Indistinguishable from prejudice

“Any sufficiently advanced technology is indistinguishable from magic,” said Arthur C. Clarke famously.

It is also the case that any sufficiently advanced technology is indistinguishable from prejudice.

Especially if that technology is machine learning. ML creates algorithms to categorize stuff based upon data sets that we feed it. Say “These million messages are spam, and these million are not,” and ML will take a stab at figuring out what are the distinguishing characteristics of spam and not spam, perhaps assigning particular words particular weights as indicators, or finding relationships between particular IP addresses, times of day, lenghts of messages, etc.

Now complicate the data and the request, run this through an artificial neural network, and you have Deep Learning that will come up with models that may be beyond human understanding. Ask DL why it made a particular move in a game of Go or why it recommended increasing police patrols on the corner of Elm and Maple, and it may not be able to give an answer that human brains can comprehend.

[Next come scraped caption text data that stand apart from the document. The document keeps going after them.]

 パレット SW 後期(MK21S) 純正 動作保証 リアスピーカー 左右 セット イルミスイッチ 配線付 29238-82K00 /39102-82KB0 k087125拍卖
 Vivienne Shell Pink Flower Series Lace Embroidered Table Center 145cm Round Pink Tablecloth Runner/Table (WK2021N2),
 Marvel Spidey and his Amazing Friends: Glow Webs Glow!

We know from experience that machine learning can re-express human biases built into the data we feed it. Cathy O’Neill’s Weapons of Math Destruction contains plenty of evidence of this. We know it can happen not only inadvertently but subtly. With Deep Learning, we can be left entirely uncertain about whether and how this is happening. We can certainly adjust DL so that it gives fairer results when we can tell that it’s going astray, as when it only recommends white men for jobs or produces a freshman class with 1% African Americans. But when the results aren’t that measurable, we can be using results based on bias and not know it. For example, is anyone running the metrics on how many books by people of color Amazon recommends? And if we use DL to evaluate complex tax law changes, can we tell if it’s based on data that reflects racial prejudices?[1]

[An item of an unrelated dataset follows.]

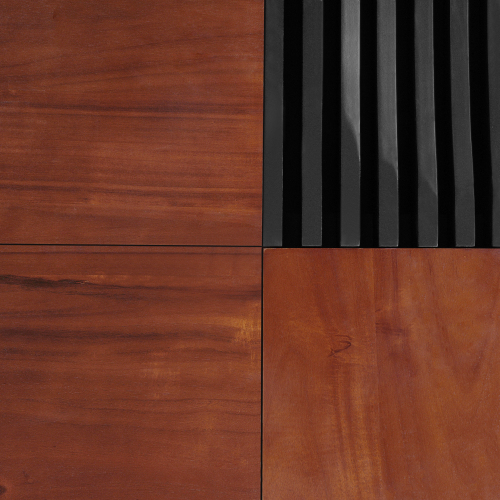 ITALIAN RETRO - INSPIRED ACACIA WOOD STORAGE COFFEE TABLE ,BROWN & BLACK COLOR、、eastwooduniform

So this is not to say that we shouldn’t use machine learning or deep learning. That would remove hugely powerful tools. And of course we should and will do everything we can to keep our own prejudices from seeping into our machines’ algorithms. But it does mean that when we are dealing with literally inexplicable results, we may well not be able to tell if those results are based on biases.

In short: Any sufficiently advanced technology is indistinguishable from prejudice.[2]

[1] We may not care, if the result is a law that achieves the social goals we want, including equal and fair treatment of tax players regardless of race.

[2] Please note that that does not mean that advanced technology is prejudiced. We just may not be able to tell.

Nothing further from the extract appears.